Total posts : 45366
Dummy loads are most likely sealed against RF leakage but coax cables and equipment cabinets are usually not not. Leakage from the coax and the transmitter itself would explain the strong radiated signal you produced. From working on making a two meter system receiver enclosure RF tight I observed that VHF and UHF can leak like water and you literally have to make the enclosures watertight with metallic connections.
But this is incidental to your project. 433 MHz signals are not a good choice for building penetration and are easily attenuated by obstacles. Unfortunately, other choices such as 915 MHz, 2.4 GHz, and 5.8 GHz have similar issues.
From your previous description of the project it appears that the best and probably most workable common solution would be to use a stock FM band transmitter with a good gain antenna at the receive end. A gain antenna at the transmitter is not going to give any advantage over a simple whip since the legal limit is field strength at a distance and gain antennas function by increasing the field strength in a certain direction and the power to the antenna would have to be suitably reduced to keep the major lobe field strength within limits.
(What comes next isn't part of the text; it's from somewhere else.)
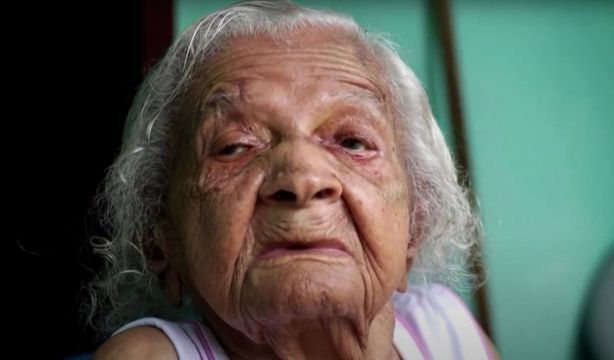 Una brasileña de 119 años reclama el título de la mujer más longeva del mundo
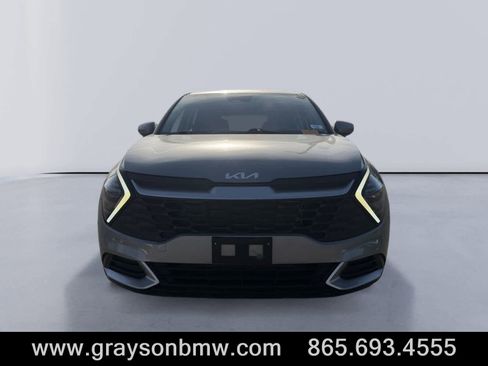 Used 2024 Kia Sportage LX image 8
At the receiver end there are no regulatory restrictions on the antenna and the link gain can be achieved there. The problems will be mechanical but if these can be managed then a Part 15 link in the FM band has a good chance of working if you can find a “sweet spot” for the antenna. One trick I used for a VHF receiving system was to place the gain antenna (a Yagi type) above the suspended ceiling with the coax running above the ceiling to the receiver down the hall. It was out of sight and reach and worked well. You do need to be mindful of going through fire breaks with cables as it can be done but must be done properly.